Ocean currents swirling around the islets of the Broughton Archipelago created an upwelling of nutrients that attracted an abundance of seabirds and marine mammals on this crisp fall morning in British Columbia. Humpback whales, eagles, red phalaropes, common murres, gulls, harbor seals, and Steller sea lions worked the currents. Pacific white-sided dolphins arrived to play in our bow wake and urge National Geographic Sea Lion to go faster! Their sleek bodies leaping from the sea brought a joyful challenge to our photographers. Today we are traveling through the traditional territory of the Kwakwaka’wakw First Nations, and I can easily imagine the great canoes moving between villages along these rocky shores a hundred years ago.

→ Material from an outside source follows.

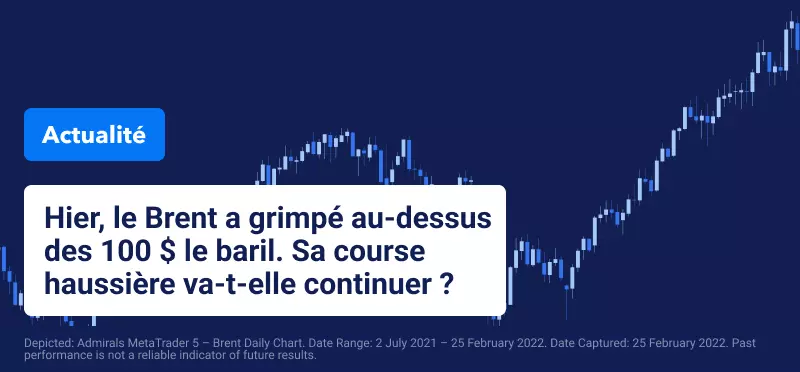 Wall Street Chute, puis Rebondit, alors que le Pétrole Continue de Progresser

As we pulled into the quaint and colorful town of Alert Bay, we noticed that the Canadian flags were lowered to half-mast today to honor Queen Elizabeth’s passing. One of the well-known local carvers, Bruce Alfred, welcomed us and gave us an orientation to the memorial poles in the old native cemetery on the waterfront. We explored the town’s waterfront, photographed the fishing boats and gardens, hiked through the forests, and visited the old cedars in Gator Gardens. Later, we anchored in a quiet cove and watched the full moon rise over the forest.

Photo caption: Visiting Broughton Archipelago and Alert Bay, British Columbia.